Nothing outside the stretch is wanted. Repeat exactly the lines of the listing below from the one that contains "6 26 дюймов" through the one that contains "Yogogi National Stadium", both ends included.

═════ DATA SECTION ═════

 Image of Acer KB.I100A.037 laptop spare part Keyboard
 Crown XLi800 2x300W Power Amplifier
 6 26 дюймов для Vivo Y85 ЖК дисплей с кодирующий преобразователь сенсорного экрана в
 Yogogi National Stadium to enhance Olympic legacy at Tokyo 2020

═════
═════ DATA SECTION ═════

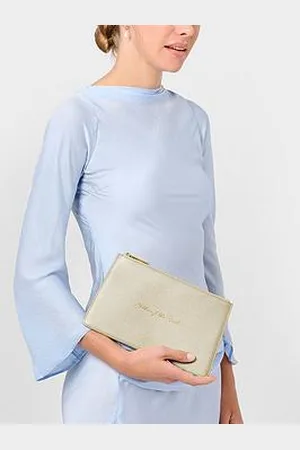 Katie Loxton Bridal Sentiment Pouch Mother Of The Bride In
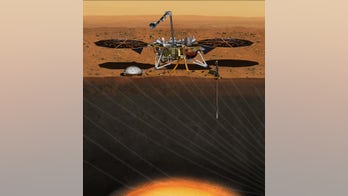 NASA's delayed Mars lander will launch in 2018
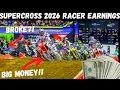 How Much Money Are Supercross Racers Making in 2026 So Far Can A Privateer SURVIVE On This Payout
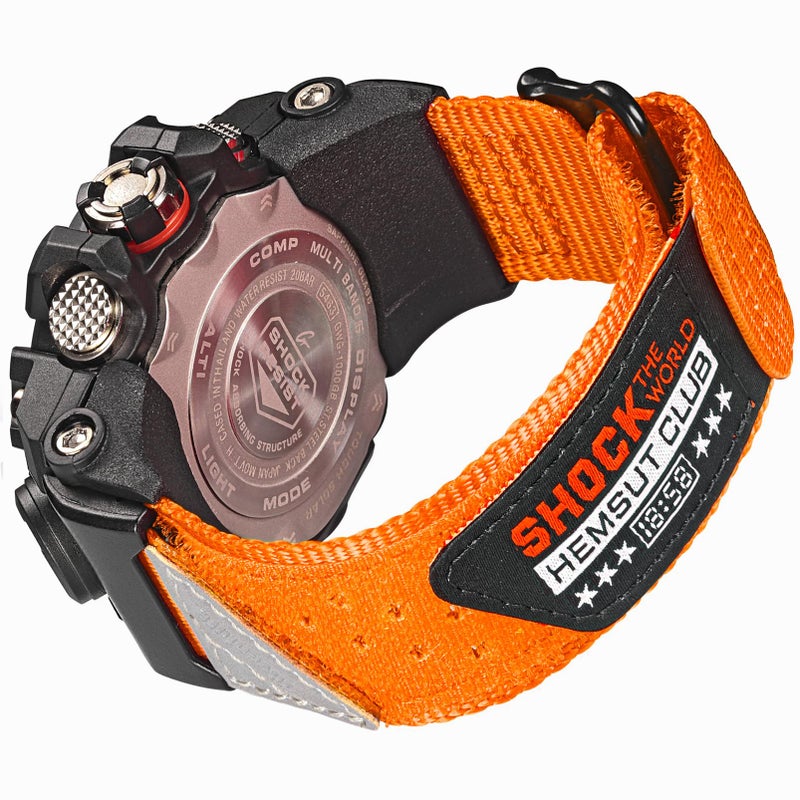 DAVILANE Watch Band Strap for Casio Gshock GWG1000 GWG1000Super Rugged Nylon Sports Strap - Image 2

═════
═════ DATA SECTION ═════

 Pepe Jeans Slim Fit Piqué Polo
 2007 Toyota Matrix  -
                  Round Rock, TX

═════

EXERCISE ANSWER
 6 26 дюймов для Vivo Y85 ЖК дисплей с кодирующий преобразователь сенсорного экрана в
 Yogogi National Stadium to enhance Olympic legacy at Tokyo 2020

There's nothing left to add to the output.